#### [Task statement]
Reprint all of the data below exactly as shown and skip every image.

#### [Data block]

====

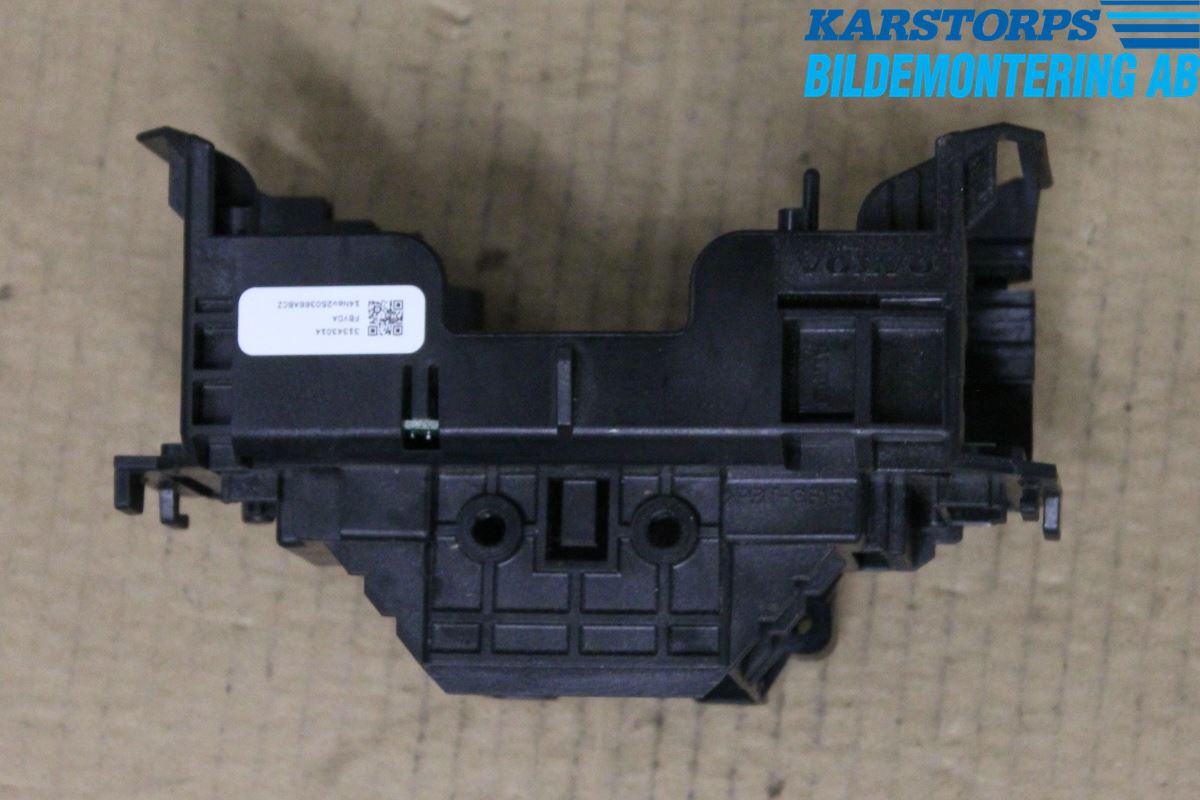 Volvo V60 14-18 Bryter Rattbryter Feste
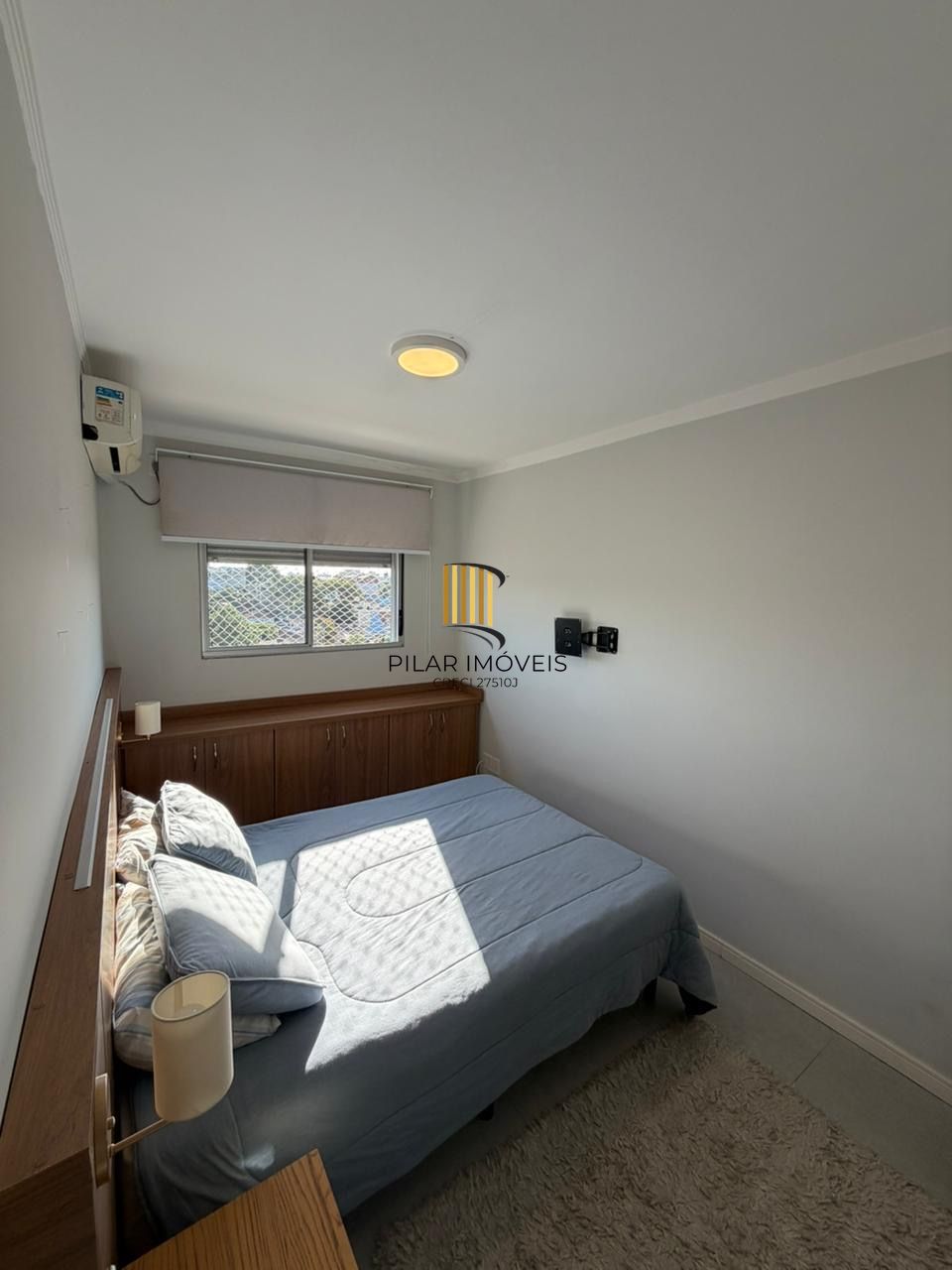 Apartamento com 2 quartos e 1 vaga de garagem no Bairro Sarandí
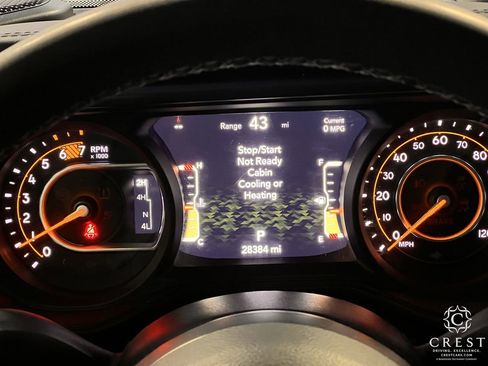 Used 2025 Jeep Wrangler Rubicon image 17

====

#### [Task result]
 Volvo V60 14-18 Bryter Rattbryter Feste
 Apartamento com 2 quartos e 1 vaga de garagem no Bairro Sarandí
 Used 2025 Jeep Wrangler Rubicon image 17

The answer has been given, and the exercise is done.